Where has SPAM travelled for the past seven years? The OG SPAM zines from 2016-2020, ended with the mega Megabus Themed Issue (incl. buses trotting through stanzas) —----RECENTLY Maria, fka editrix-in-chief, aka dj Misty, was abandoned by Megabus at the Preston station alongside the other practising ecopoet and the professor of petroculture. This was too good a scenario to not write a song about. When we finally get a Patreon, if we ever get a Patreon, this will be top tier blooper shit. Megabus couldn’t make the connection, which is chip off the old Ballard material. We were hanging around a parking lot of public art where the heads of consumers were replaced by giant replica dandelions. I got memory blurred singing American songs and thought I might be in Shawlandia, Land of Shaw, or the southern swamp. I really wanted a beer! (and eventually got one).


We wanted to stage a grandiose funeral for the OG zine parading through Finnieston with a styrofoam coffin of our late age’s poesy, but the apocalypse came too soon again.
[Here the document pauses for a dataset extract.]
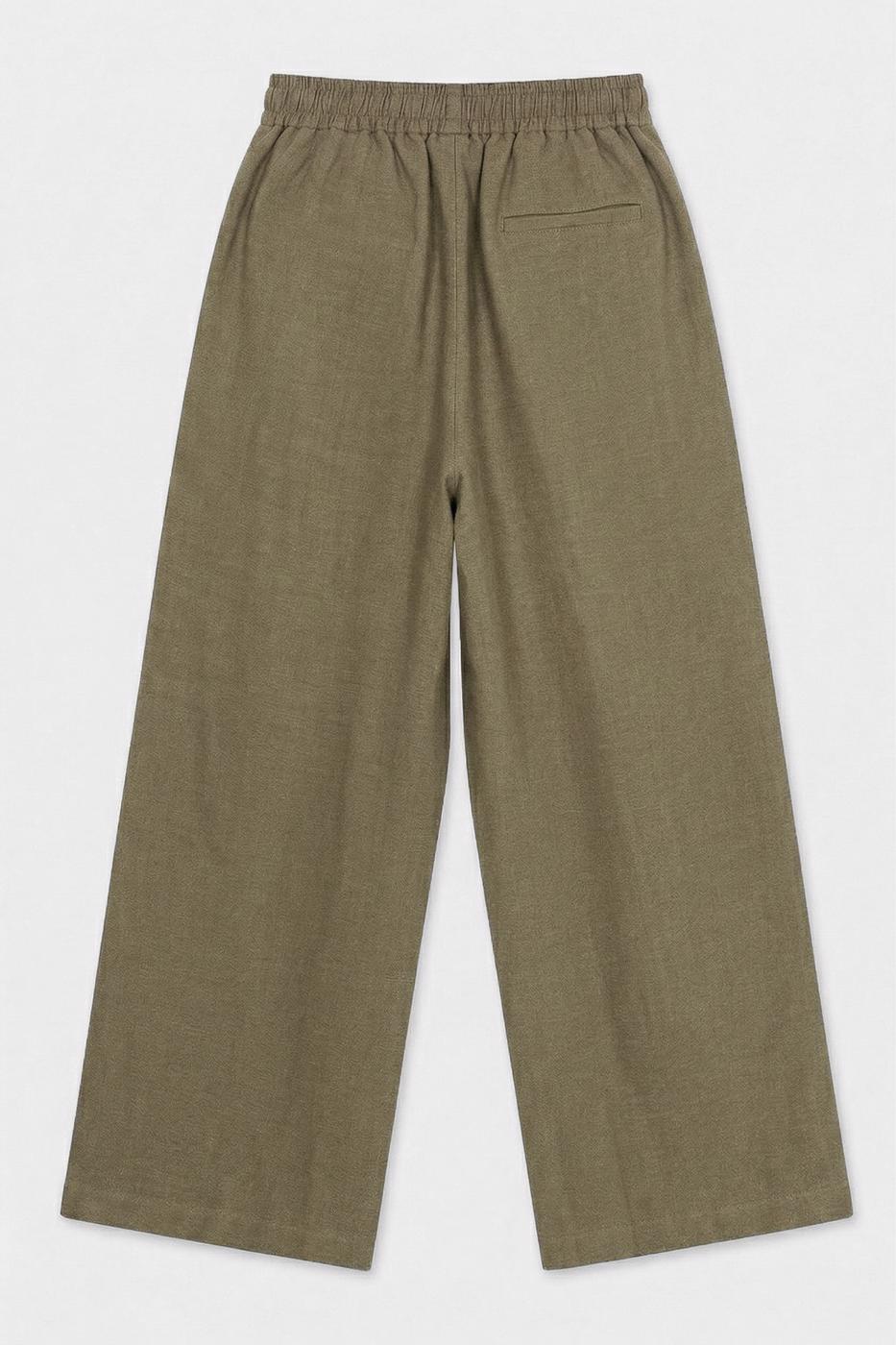100% Linen Oversize Trousers Khaki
As a practising steamboat of a poet (jk jk or am I?) I, (K), am humbled to be taking the masthead of the great ship SPAM as we set sail (apologies for the extended metaphor but not sorry!) into the murky waters of the political landscape that we currently find ourselves in. I’ve been thinking, the longer I’ve been involved in SPAM, about where small presses lie amidst the giant publishing houses. I’ve been completely taken with the new journal Too Little/Too Hard edited by Livia Franchini and Lucy Mercer, launched this year, which candidly and with sophisticated understanding deep dives into the labour of publishing and writing in the UK at the moment. In his brilliant essay, ‘Poetry as Late Economy’, Anthony Anaxagorou navigates how we contend with poetry as commodity, alongside financial survival as poets and small presses, and so much of this resonated with how I want to keep glitching what publishing and writing means in the SPAM sphere.
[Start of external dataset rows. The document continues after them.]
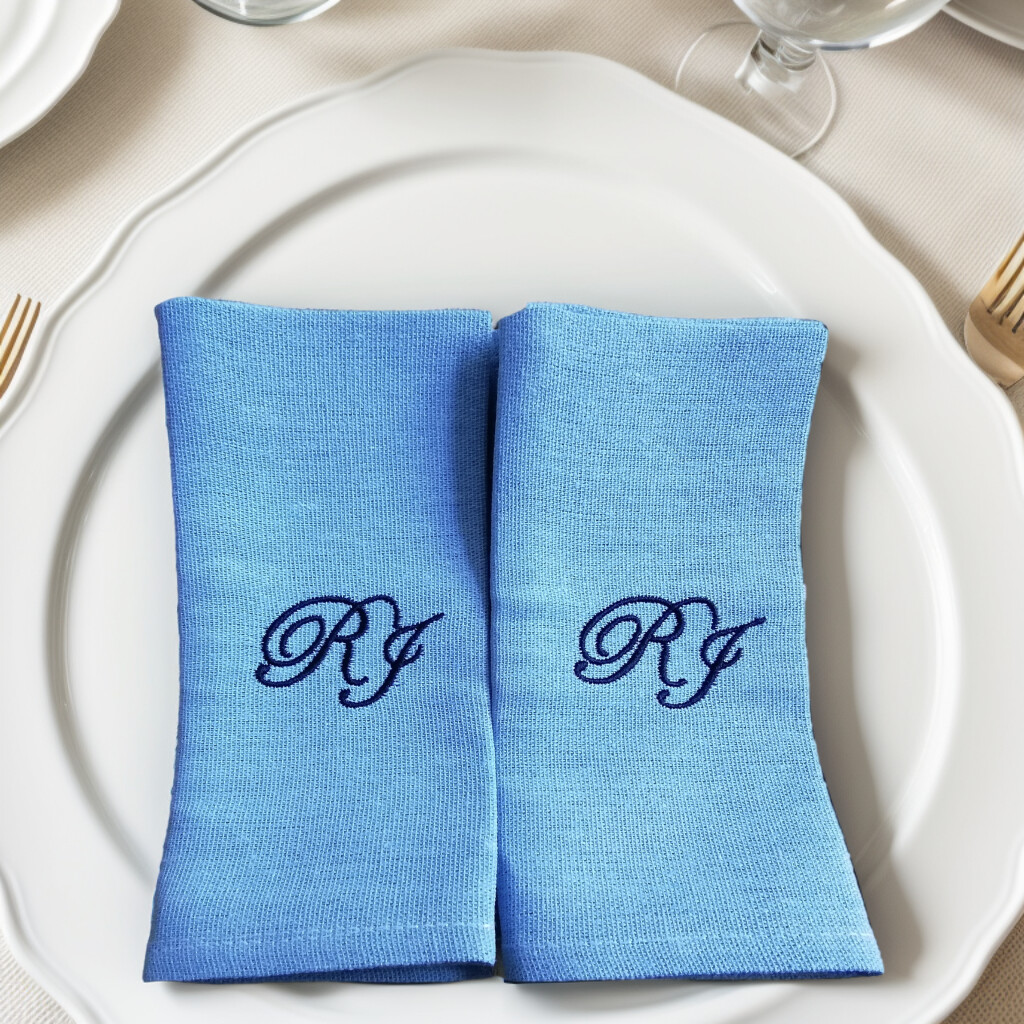 Broderie sur serviette de table couleur (6 pcs)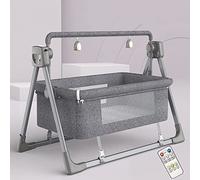Baby Safe Bed - Dark Gray Electric Swing Rocking Chair With Adjustable Bedside Cribs, Automatic Rocking Recliner Crib Basket, Best Bed For Infant Newborn Unisex.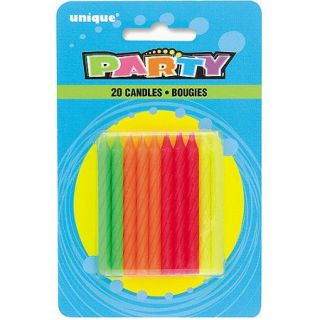 Neon Birthday Candles, 20pk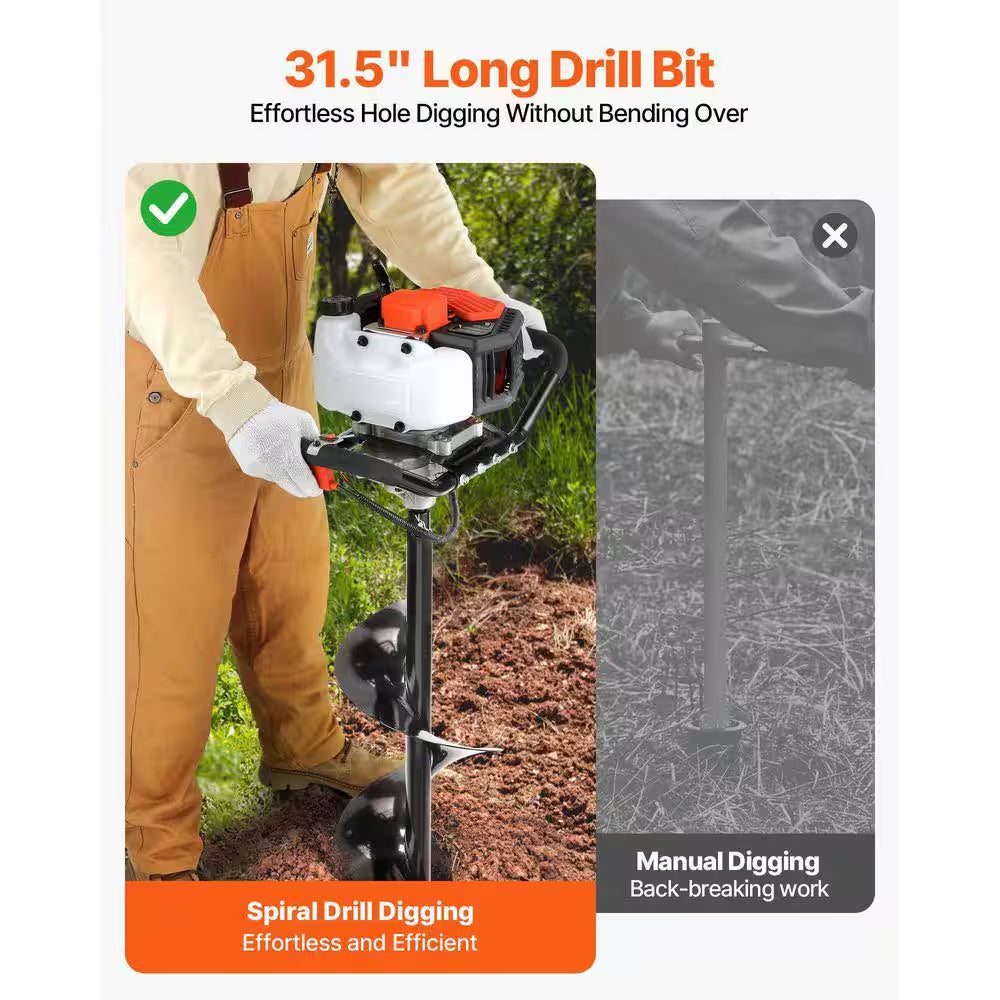 Post Hole Digger, 30 In. Long Alloy Steel Auger 52Cc 1450W Auger Post Hole Digger, Gas Powered Earth Digger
And yet, a poem is still a poem irrespective of who opposes its literary merits, or harangues its trope-laden doggerel. Capitalism wants to see The Best. It wants masses of followers which it can regard as potential consumers. It conflates popularity with preeminence. It wants a string of accolades which can be subsumed into sales. It wants hierarchies, and of course it wants losers in order to contour and elevate the pedestal status of the singular winner; it’s not interested in friendships, in mentors, in a community of vulnerable and volatile participants, or the unfettered terrain of the human imagination, it seeks and promotes competition, thriving off antagonism and aggression.
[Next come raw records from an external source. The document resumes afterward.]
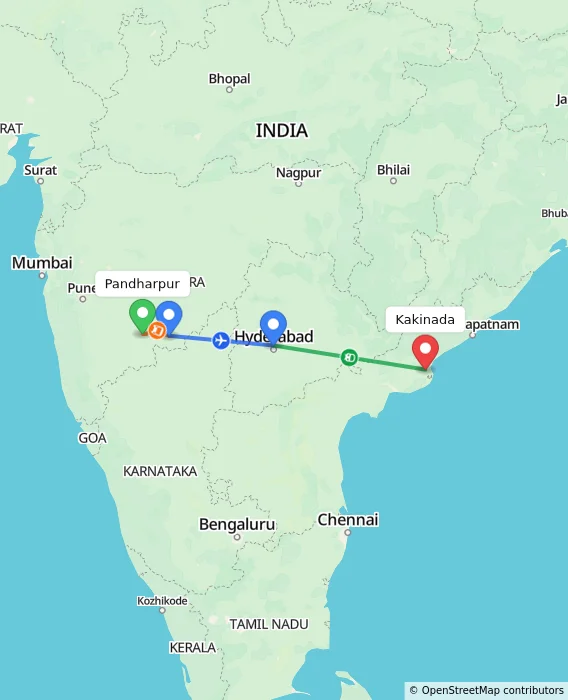 Route map showing distance and travel time from Pandharpur, India to Kakinada, India
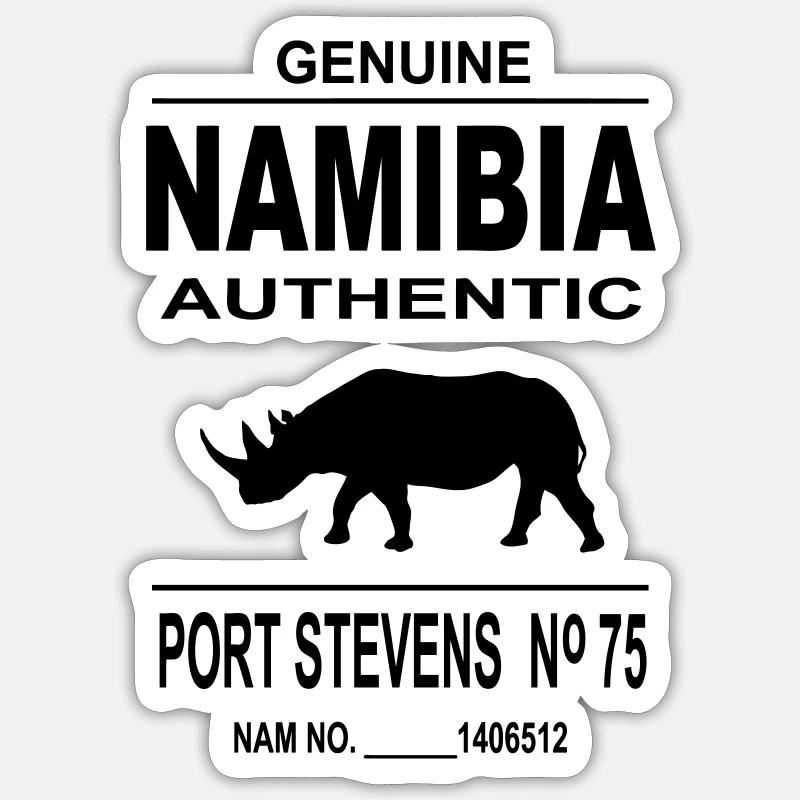 Namibia Rhino - Sticker taille S (10 x 10 cm) - blanc mat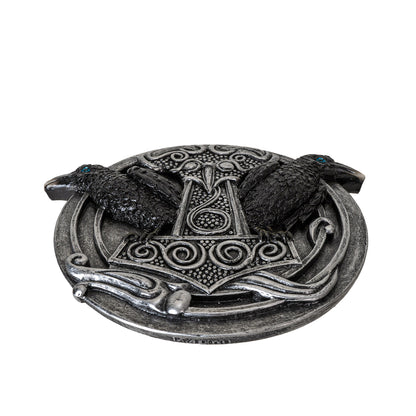 Thors Hammer 5.31" Long Incense Burner with Dual Raven Design
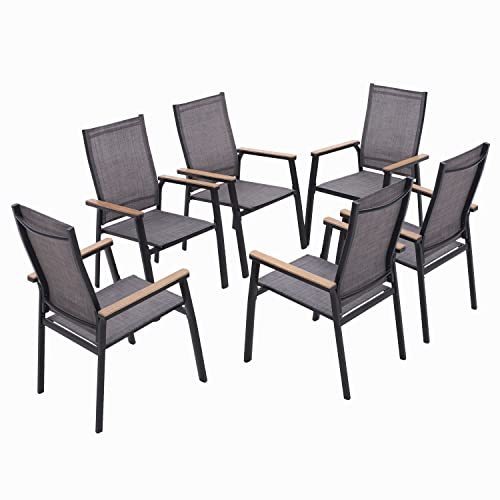 MFSTUDIO Gartenstuhl 6er Set Aluminium, Textilene Balkon Stühle Stapelbar mit Handlauf mit Holzmaserung, Outdoor Sessel für Terrasse, Balkon, Veranda, Wetterfest
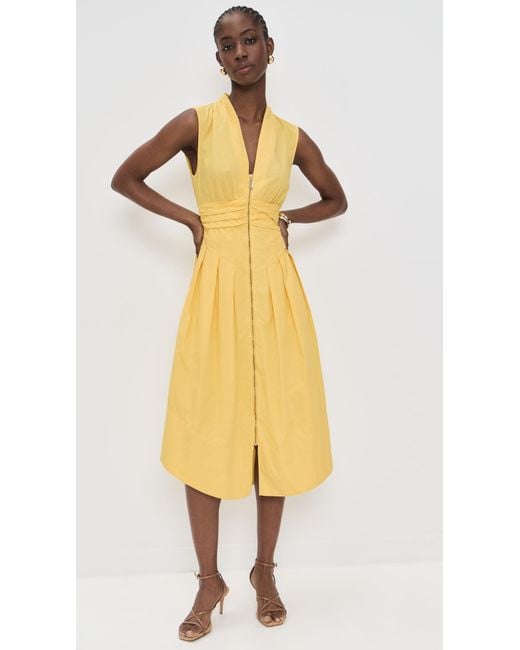 ramy brook yellow dress Pleated One Shoulder NWT The Fawn dress features a flattering square neckline and easy silhouette Ramy Brook Cali Printed Midi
The first SPAM zines I read were not around a hierarchical view of creativity, and meaning-making in language, but instead swam through conversation, collaboration, and the copy and paste. What happens when you put a listicle beside a meme? What takes place when an internet review commingles with a haiku? They were made on Microsoft Publisher, they reminded me of funny wee projects I did as a child, they had that same energy. As we move forward, I would love to explore even more of these ideas through more collaborative projects, both in physical form and in the digital realm, taking inspiration from the post-internet net artists that have been lingering in our minds from SPAM’s beginnings. I want to find out about the niche website that has poems as gifs, about that sound artist that loves sims, about early art and code practices, about your film with automated voices, about the secret game you’ve been making for years. Let’s take back this web, use code as a creative force for poetics, manipulate the systems, make art and a joke out of the idea of poems as ‘useful’ objects, and instead revel in the ongoing play. The beginning of this traversal will take place with the launch of our Edwin Morgan Second Life publication Brilliant Vibrating Interface. Here will be a space where no medium is given hierarchy, where the digital site and its physical sister publication commingle, as separate artistic objects that comment back and forth on one another.

Okay and let’s do a dash through our history, with a LOT of cheeky reveals (:0) >>>>>>>>>>>>>>

Some highlights of the past seven years:

  • Epic five hour megabus zoom party culminating in bedroom dancing & Tom McCarthy seminar

  • Unnamed editor nearly thrown out of the club for “excessive kissing”

  • The Euston “Suitcase Incident”

  • FINALLY meeting Dan Power, Real Poetry Man & VisPo Legend

  • Reading with dinosaurs in Crystal Palace Park

  • Our first London launch at the Roebuck when we literally sold out of everything

  • Podcasting during that first lockdown, hearing poets read from the back catalogue - big shout out to the first zine recording out on the Astroturf!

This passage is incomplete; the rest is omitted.